The in vivo uptake of HS hepatocytes by the liver was also verified. PKH67-stained HS hepatocyte exosomes were injected into C57BL6 mice via the tail vein. Eight hours after the injection, significant absorption of exosomes by the liver was observed in frozen sections of liver tissue by confocal microscopy (Figs. 3G–3L).

HS hepatocyte-derived exosomes promote NOD-like receptor signaling pathway activation and injury in recipient hepatocytes

Since bioinformatics pathway analysis of the differentially expressed proteins in the HS exosomes showed that proteins involved in the NOD-like receptor signaling pathway were enriched, we validated the NOD-like receptor signaling pathway activation properties of the HS exosomes in the recipient hepatocytes.

Recipient hepatocytes were treated with 10 µg of HS or control exosomes for 24 h. In other groups, recipient hepatocytes were subjected to HS or pretreated with GW4869 (endogenous exosome secretion inhibitor, 20 µg/ml conditioned medium) 2 h prior to HS. The expression of NOD-like receptor signaling pathway components NLRP3, ASC, and activated caspase-1 was detected in cell lysates by western blotting, and supernatant IL-1β was measured by ELISA. As shown in Figs. 4A–4C, NLRP3, ASC and activated caspase-1 expression and extracellular IL-1β levels were significantly enhanced in the recipient hepatocytes stimulated with the HS exosomes, whereas the levels in the control exosome-treated cells were similar to those of the controls. Direct HS induction significantly induced NLRP3, ASC and activated caspase-1 expression and subsequent IL-1β release, whereas pretreatment of the hepatocytes with GW4869 prior to HS significantly reduced the expression of the above components (Figs. 4A–4C). Finally, the levels of the liver markers ALT/AST/LDH in the culture supernatant were examined to evaluate hepatocyte injury. The ALT, AST and LDH levels were significantly increased in the HS exosome treatment group. The ALT/AST/LDH levels in the GW4869 pretreatment group were significantly reduced compared to those in the HS group (Fig. 4D).

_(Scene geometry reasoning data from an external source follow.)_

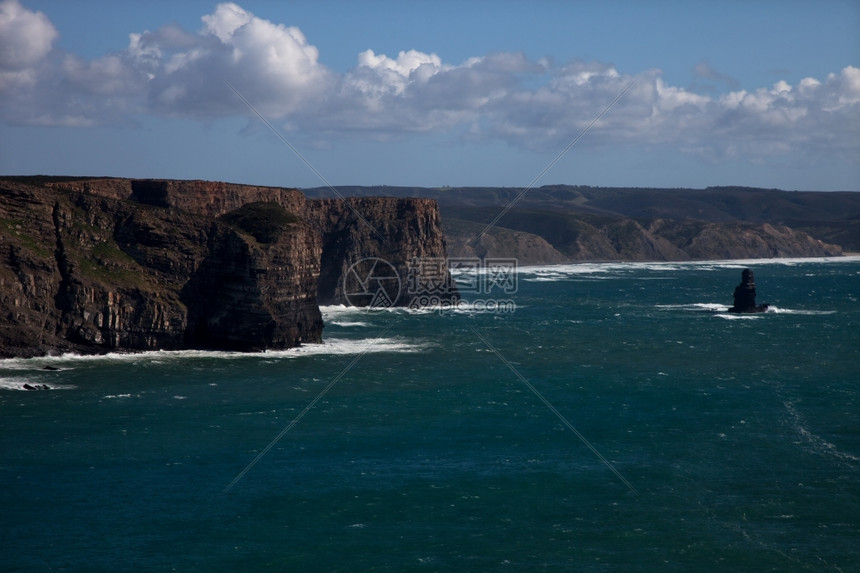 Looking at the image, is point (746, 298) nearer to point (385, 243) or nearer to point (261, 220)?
point (385, 243)

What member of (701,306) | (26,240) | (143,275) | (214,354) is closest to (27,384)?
(26,240)

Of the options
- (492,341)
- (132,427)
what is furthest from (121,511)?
(492,341)

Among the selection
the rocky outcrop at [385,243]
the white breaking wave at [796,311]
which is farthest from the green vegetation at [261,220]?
the white breaking wave at [796,311]

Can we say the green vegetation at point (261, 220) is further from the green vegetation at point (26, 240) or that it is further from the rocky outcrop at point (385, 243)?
the rocky outcrop at point (385, 243)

Taken together, these results show that the HS exosomes induce NOD-like receptor signaling pathway activation in recipient hepatocytes, resulting in hepatocyte injury.

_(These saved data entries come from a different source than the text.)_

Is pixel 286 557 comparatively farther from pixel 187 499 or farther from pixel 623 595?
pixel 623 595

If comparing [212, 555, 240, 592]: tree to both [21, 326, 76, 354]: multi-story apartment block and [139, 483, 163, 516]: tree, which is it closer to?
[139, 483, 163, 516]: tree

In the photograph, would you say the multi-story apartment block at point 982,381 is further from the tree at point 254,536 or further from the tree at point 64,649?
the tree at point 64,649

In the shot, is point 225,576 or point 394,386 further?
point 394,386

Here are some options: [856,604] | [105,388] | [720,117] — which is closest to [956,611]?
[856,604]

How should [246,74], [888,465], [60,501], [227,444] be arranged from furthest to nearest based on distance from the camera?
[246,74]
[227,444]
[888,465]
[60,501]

HS hepatocyte exosomes activate NOD-like receptor signaling and cause liver tissue injury in vivo

We validated the in vitro findings in vivo. Wild-type C57BL6 mice in the control or HS exosome infusion groups were injected with 40 µg of control or HS hepatocyte exosomes. In the HS or HS+GW4869 groups, hyperthermic stress was introduced in mice for 2 h before HS, and mice were injected with GW4869 (2 mg/kg). IHC and western blot was performed to detect the expression of the NOD-like receptor signaling pathway components NLRP3, ASC, and activate caspase-1 in liver tissue. As shown in Figs. 5A–5C, the positive staining and expression abundance of the above proteins was increased in the HS exosome reinfusion group compared with both the control and control exosome injection groups. The resulting release of IL-1 β into the serum following NLRP3 inflammasome activation was also elevated in the HS exosome treated group (Fig. 5D). HS promoted the activation of the NLRP3 inflammasome, while GW4869 pretreatment significantly reduced the effect of HS (Figs. 5A–5D). Furthermore, liver tissue injury was detected by H&E staining and serum ALT/AST/LDH levels. Compared to the control and control exosome-treated groups, the HS exosome infusion group displayed obvious inflammatory cell infiltration around the sinusoidal area in the liver tissue by H&E staining. GW4869 pretreatment alleviated the liver injury induced by HS (Fig. 5E). The changes in the levels of the injury markers ALT, AST and LDH in the serum presented similar trends (Fig. 5F).